For a full description of the code, please see:
Associated Legendre Polynomials and Spherical Harmonics Computation for Chemistry Applications (2014). Taweetham Limpanuparb and Josh Milthorpe. arXiv: 1410.1748 [physics.chem-ph]
The normalized associated Legendre polynomials for an angle θ
for all l
in 0 <= l <= lmax
and all m
in -l <= m <= l
may be generated using the signature computePlm(θ; lmax)
, eg.
julia> P = computePlmcostheta(pi/2, lmax = 1)

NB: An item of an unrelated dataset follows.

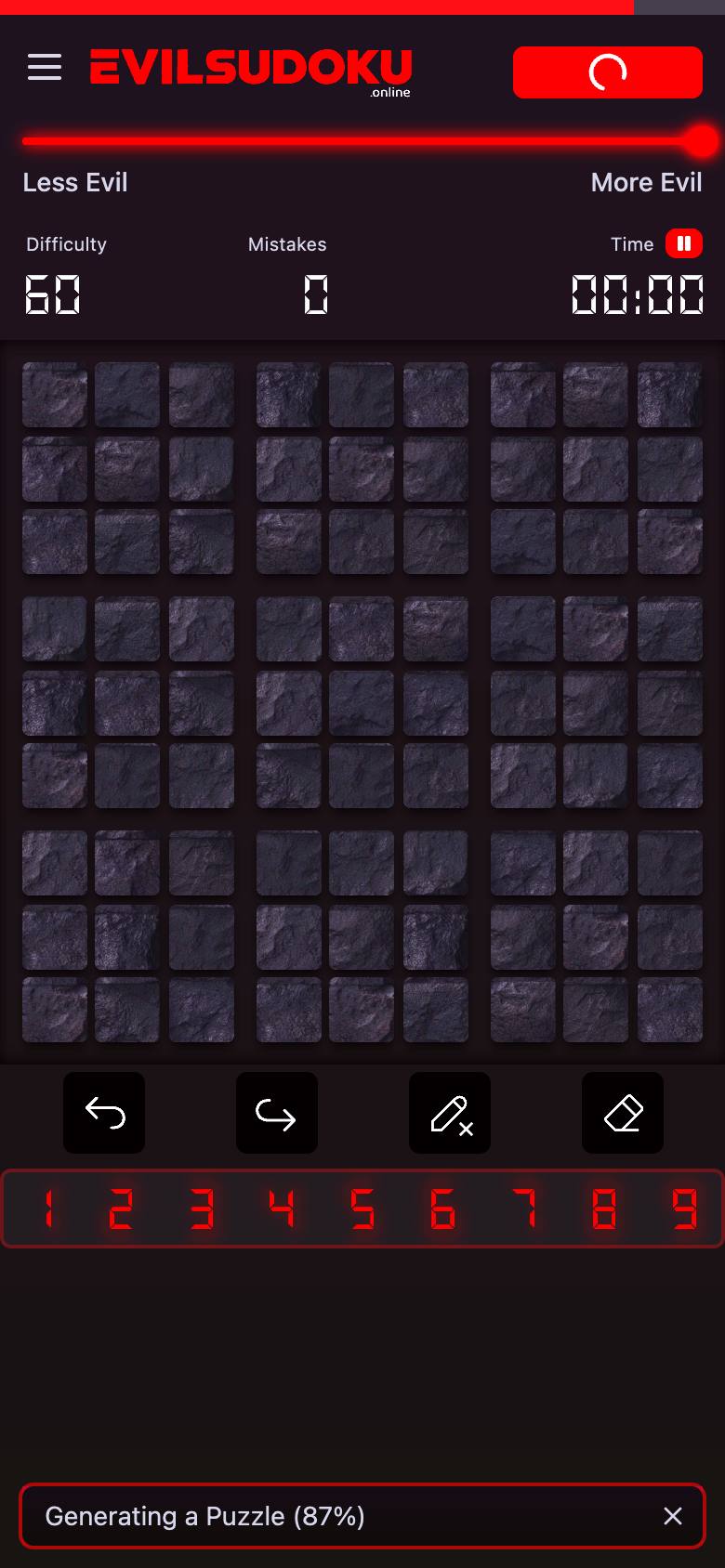 evilsudoku.online screenshot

3-element SHArray(::Vector{Float64}, (ML(0:1, 0:1),)):
0.3989422804014327
4.231083042742082e-17
-0.4886025119029199
The polynomials are ordered with m
increasing faster than l
, and the returned array may be indexed using (l,m)
Tuples as
julia> P[(0,0)]
0.3989422804014327
julia> P[(1,1)] == P[3]
true
Spherical harmonics for a colatitude θ
and azimuth ϕ
may be generated using the signature computeYlm(θ, ϕ; lmax)
, eg.
julia> Y = computeYlm(pi/3, 0, lmax = 1)
4-element SHArray(::Vector{Complex{Float64}}, (ML(0:1, -1:1),)):
0.2820947917738782 + 0.0im
0.2992067103010745 - 0.0im
0.24430125595146002 + 0.0im
-0.2992067103010745 - 0.0im
The returned array may be indexed using (l,m)
Tuples as well, as
julia> Y[(1,-1)]
0.2992067103010745 - 0.0im
julia> Y[(1,-1)] == Y[2]
true
Special angles SphericalHarmonics.NorthPole()

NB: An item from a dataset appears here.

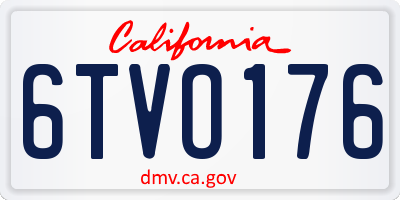 CA license plate 6TVO176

and SphericalHarmonics.SouthPole()
may be passed as θ
to use efficient algorithms.
Arguments of BigInt
and BigFloat
types would increase the precision of the result.
julia> Y = computeYlm(big(pi)/2, big(0), lmax = 1) # Arbitrary precision
4-element SHArray(::Vector{Complex{BigFloat}}, (ML(0:1, -1:1),)):
0.2820947917738781434740397257803862929220253146644994284220428608553212342207478 + 0.0im
0.3454941494713354792652446460318896831393773703262433134867073548945156550201567 - 0.0im
2.679783085063171668225419916118067917387251852939708540164955895366691604430101e-78 + 0.0im
-0.3454941494713354792652446460318896831393773703262433134867073548945156550201567 - 0.0im
For real functions it might be sufficient to compute only the functions for m >= 0
. These may be computed by passing the flag m_range = SphericalHarmonics.ZeroTo
.
julia> computeYlm(pi/3, 0, lmax = 1, m_range = SphericalHarmonics.ZeroTo)
3-element SHArray(::Vector{Complex{Float64}}, (ML(0:1, 0:1),)):
0.2820947917738782 + 0.0im
0.24430125595146002 + 0.0im
-0.2992067103010745 - 0.0im
It's also possible to compute real spherical harmonics by passing the flag SHType = SphericalHarmonics.RealHarmonics()
, eg.
julia> Y = computeYlm(pi/3, pi/3, lmax = 1, SHType = SphericalHarmonics.RealHarmonics())
4-element SHArray(::Vector{Float64}, (ML(0:1, -1:1),)):
0.2820947917738782
-0.3664518839271899
0.24430125595146002
-0.21157109383040865
These are faster to evaluate and require less memory to store.
FastTransforms.jl: The function FastTransforms.sphevaluate
is faster at evaluating real spherical harmonics for a single mode.
julia> @btime FastTransforms.sphevaluate($(big(pi)/3), $(big(pi)/3), 100, 100)
153.142 μs (1336 allocations: 72.64 KiB)
-3.801739606943941485088961175328961189010502022112528054751517912248264631529766e-07
julia> @btime SphericalHarmonics.sphericalharmonic($(big(pi)/3), $(big(pi)/3), 100, 100, SphericalHarmonics.RealHarmonics())
165.932 μs (1439 allocations: 78.01 KiB)
-3.801739606943941485088961175328961189010502022112528054751517912248264631529107e-07
This difference might reduce in the future.